Realism emphasizes relation among nations as they have been and as they are.It is not concerned with the ideal world.It is the International interpretation of human behavior.

Realism or political realism as an approach of international relations has evolved over the centuries. Prominent among its earlier advocates were Indian scholar Kautilya, Chinese strategies Sun Tzu, and Greek scholar Thucydides, English philosopher Thomas hobbes also contributed to the evaluation of Realism. Their ideas may be called classical realism,though Morgenthau is now considered the principal classical realist. Morgenthau was the most systematic advocate of realism. However, British professor EH Carr writes: The “Twenty Years of Crisis” prepared the basis for Morgenthau’s development of the theory of realism. Realism is a school of thought that explains international affairs from the perspective of exercising power. The exercise of mutual power by the states is often referred to as realpolitik or simply power politics.

Hans J. Morgenthau:

Morgenthau from Germany could not tolerate the arbitrary domination and brutality of Hitler’s Nazi regime. He taught Americans national interests and established the “School of Realism in International Relations”. And for that he called it Political Struggle Power.Many Americans, obsessed with legalism and moralism, hated Morgenthau’s emphasis on national interests. However, it was only Morgenthau’s national interest that made sense in international affairs. He believed that “understanding national interests makes it easy to predict foreign policy movements.” He argued that “God is on that side,” that is, there is no universal morality. All government actions should be based on prudence and practicality.

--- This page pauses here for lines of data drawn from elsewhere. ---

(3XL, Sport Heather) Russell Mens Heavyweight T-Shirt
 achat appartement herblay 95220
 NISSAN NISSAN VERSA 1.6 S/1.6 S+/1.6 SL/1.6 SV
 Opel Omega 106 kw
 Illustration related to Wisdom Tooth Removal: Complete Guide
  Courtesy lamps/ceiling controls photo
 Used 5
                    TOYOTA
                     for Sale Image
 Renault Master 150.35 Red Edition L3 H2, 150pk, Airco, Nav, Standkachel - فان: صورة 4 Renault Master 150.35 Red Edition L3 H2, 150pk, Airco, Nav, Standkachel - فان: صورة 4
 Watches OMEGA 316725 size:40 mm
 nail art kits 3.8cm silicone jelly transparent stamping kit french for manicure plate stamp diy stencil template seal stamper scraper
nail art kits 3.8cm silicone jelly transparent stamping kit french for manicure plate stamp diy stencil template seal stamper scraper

Morgenthau equates what he calls “realism.” He believes that the flaws in the world are “the result of the forces inherent in human nature.” According to this approach to improving the WORLD, one must cooperate with these forces rather than oppose them. Like EH Carr, Morgenthau began his approach by defining a position against what he was seeing, if not the rule of the liberal utopian principle. Morgenthau listed six principle of political realism, which when taken together summarises his theoretical approach to the study of international relations. In the first chapter of his famous book “Politics among Nations”( 1948), Morgenthau states that his theory is called realism because it is concerned “with human nature as it actually is and with the historical process as they actually take place”.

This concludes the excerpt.